- **Problem to work on**: Please write out exactly the lines of the data below from the line holding "4435 E Coyote" through the line holding "Adex Fashion Wears", and leave out the rest.

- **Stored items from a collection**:
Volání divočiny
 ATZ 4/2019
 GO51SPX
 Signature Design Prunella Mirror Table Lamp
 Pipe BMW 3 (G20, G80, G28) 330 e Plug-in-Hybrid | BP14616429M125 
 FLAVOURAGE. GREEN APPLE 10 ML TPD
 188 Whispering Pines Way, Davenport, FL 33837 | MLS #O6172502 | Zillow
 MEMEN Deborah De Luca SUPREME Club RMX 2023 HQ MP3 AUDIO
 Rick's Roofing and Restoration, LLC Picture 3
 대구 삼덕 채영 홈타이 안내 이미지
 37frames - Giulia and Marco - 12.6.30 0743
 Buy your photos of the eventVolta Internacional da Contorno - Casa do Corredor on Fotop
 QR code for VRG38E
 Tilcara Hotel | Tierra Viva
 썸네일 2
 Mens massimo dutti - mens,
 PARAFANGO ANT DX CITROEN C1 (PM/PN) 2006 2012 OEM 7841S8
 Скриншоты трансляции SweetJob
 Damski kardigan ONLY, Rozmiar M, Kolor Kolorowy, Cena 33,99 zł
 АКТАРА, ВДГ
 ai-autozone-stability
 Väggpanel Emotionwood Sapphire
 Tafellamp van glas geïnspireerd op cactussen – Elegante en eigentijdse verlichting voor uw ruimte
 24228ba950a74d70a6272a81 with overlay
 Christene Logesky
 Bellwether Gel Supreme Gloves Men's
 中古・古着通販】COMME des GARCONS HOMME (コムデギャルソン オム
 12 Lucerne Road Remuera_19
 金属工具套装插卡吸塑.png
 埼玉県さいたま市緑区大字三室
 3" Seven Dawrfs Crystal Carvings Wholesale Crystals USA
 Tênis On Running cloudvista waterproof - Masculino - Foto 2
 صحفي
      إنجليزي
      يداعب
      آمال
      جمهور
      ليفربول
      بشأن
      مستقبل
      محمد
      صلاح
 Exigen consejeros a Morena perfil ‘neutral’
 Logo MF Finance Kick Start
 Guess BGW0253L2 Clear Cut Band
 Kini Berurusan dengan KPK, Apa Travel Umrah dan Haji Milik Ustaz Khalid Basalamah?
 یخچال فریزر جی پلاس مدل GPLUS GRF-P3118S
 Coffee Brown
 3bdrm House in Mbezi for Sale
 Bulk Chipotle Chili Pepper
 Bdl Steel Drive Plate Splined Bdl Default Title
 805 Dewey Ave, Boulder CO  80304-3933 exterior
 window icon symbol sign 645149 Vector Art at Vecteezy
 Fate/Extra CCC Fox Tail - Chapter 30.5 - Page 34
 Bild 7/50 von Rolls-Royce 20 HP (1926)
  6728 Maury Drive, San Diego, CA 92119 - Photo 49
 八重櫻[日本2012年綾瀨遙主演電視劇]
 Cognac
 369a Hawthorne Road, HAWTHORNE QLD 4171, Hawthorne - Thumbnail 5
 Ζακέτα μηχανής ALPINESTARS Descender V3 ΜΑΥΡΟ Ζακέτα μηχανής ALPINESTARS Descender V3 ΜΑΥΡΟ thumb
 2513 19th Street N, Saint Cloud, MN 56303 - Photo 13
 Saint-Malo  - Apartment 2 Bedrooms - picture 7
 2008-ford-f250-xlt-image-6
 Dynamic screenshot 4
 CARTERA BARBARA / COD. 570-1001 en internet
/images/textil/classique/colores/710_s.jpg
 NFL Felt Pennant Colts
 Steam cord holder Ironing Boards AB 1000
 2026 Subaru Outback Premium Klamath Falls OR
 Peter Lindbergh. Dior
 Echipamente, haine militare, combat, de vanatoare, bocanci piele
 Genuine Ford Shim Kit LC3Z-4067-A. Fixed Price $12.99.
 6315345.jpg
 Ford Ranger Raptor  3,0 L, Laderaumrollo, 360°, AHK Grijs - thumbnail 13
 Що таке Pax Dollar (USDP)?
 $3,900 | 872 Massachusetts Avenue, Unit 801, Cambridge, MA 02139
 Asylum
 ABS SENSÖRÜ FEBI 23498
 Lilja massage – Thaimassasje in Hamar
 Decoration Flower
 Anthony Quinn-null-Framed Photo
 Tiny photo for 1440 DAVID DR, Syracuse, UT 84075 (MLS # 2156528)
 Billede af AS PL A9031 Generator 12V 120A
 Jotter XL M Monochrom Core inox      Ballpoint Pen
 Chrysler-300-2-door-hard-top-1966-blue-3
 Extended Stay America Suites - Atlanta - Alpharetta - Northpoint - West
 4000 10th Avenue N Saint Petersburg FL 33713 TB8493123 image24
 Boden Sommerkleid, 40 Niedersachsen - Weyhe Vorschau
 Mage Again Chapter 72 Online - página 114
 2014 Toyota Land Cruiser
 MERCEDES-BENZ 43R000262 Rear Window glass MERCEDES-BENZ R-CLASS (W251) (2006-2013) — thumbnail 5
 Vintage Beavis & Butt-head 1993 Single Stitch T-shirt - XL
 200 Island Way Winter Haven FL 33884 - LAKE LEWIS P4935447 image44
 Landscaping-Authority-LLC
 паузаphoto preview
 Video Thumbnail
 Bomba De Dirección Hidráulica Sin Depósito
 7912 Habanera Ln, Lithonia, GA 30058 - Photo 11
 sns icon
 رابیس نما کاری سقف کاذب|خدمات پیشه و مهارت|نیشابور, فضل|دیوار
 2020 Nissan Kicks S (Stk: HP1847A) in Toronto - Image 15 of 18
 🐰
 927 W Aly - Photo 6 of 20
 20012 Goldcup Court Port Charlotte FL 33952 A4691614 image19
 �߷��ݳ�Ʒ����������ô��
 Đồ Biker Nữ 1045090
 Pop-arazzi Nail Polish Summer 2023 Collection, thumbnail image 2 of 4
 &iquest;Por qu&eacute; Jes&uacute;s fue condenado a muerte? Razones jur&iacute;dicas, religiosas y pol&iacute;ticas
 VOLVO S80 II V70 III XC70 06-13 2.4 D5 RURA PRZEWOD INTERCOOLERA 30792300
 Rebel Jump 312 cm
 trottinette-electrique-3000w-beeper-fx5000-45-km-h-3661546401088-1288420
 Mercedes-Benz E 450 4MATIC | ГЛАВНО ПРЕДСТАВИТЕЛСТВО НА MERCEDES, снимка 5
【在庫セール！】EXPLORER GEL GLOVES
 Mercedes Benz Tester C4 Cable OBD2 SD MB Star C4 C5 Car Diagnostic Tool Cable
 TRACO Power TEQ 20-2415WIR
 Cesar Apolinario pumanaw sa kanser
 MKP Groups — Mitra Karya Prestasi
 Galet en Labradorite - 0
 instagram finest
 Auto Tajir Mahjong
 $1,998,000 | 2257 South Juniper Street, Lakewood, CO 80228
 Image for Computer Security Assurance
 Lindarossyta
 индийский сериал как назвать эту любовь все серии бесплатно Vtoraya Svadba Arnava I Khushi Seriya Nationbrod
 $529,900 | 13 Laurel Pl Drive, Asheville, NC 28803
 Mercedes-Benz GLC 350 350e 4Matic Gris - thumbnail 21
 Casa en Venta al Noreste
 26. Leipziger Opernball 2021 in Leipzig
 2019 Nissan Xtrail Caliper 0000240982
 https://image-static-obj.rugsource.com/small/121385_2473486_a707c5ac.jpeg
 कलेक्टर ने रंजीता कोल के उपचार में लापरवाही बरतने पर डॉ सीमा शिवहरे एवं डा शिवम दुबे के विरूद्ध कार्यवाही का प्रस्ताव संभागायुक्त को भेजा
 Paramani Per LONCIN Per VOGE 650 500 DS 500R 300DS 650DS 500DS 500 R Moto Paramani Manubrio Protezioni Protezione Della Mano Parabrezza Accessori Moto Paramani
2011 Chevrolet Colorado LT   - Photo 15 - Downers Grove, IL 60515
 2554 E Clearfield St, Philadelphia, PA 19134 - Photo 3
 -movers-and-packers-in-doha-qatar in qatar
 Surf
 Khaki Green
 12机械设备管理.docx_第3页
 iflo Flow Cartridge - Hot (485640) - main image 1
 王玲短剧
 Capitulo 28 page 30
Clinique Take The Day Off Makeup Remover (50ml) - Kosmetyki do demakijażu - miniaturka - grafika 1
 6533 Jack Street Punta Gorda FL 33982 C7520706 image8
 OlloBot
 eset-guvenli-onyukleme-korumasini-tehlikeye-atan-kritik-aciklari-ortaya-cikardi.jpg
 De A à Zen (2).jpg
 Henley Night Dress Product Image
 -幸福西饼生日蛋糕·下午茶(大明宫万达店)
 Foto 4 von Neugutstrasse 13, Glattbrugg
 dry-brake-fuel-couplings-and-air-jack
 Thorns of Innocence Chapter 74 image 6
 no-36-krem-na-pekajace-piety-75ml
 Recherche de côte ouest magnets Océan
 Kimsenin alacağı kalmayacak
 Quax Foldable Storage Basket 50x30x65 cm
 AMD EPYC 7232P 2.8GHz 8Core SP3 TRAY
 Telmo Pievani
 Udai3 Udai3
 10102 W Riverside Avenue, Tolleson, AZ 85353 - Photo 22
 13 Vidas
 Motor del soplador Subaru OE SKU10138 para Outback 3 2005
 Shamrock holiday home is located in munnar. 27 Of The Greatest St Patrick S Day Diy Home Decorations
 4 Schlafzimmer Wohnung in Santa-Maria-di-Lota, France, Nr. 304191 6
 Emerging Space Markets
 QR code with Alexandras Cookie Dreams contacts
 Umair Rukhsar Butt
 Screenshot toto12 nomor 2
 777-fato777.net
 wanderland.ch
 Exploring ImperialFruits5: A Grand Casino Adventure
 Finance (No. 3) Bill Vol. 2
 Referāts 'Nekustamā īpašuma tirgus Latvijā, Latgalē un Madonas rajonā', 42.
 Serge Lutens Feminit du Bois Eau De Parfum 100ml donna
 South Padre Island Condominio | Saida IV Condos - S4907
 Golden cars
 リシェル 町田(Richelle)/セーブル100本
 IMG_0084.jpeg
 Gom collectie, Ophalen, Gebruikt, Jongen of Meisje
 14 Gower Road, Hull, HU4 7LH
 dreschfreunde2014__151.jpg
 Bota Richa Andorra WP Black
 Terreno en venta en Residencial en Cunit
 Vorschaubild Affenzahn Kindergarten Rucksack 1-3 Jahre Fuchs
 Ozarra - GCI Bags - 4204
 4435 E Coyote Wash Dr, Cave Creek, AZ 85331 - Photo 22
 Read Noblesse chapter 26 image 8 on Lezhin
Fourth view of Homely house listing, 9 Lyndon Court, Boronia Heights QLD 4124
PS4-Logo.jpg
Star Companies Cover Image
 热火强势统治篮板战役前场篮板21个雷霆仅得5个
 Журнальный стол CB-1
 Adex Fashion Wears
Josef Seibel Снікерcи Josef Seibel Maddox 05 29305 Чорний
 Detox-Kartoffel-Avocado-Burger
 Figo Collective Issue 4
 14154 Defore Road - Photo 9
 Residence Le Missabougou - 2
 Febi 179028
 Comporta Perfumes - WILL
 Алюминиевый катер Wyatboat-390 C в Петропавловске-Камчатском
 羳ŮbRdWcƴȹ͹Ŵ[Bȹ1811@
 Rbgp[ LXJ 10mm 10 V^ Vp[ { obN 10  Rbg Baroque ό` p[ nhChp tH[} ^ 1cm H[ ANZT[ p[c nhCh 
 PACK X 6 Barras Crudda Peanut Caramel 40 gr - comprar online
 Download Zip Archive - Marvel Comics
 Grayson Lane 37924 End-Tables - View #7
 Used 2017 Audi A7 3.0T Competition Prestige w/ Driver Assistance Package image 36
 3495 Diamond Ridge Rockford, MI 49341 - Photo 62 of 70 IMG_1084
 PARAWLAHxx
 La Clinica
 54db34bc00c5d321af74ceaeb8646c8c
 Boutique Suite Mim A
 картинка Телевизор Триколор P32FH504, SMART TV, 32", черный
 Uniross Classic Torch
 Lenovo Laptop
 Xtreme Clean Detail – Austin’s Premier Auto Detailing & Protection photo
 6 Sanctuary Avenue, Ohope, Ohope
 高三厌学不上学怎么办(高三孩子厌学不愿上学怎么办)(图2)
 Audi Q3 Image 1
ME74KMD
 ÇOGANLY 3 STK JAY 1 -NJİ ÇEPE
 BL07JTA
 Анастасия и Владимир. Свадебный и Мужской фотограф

- **Task answer**:
 4435 E Coyote Wash Dr, Cave Creek, AZ 85331 - Photo 22
 Read Noblesse chapter 26 image 8 on Lezhin
Fourth view of Homely house listing, 9 Lyndon Court, Boronia Heights QLD 4124
PS4-Logo.jpg
Star Companies Cover Image
 热火强势统治篮板战役前场篮板21个雷霆仅得5个
 Журнальный стол CB-1
 Adex Fashion Wears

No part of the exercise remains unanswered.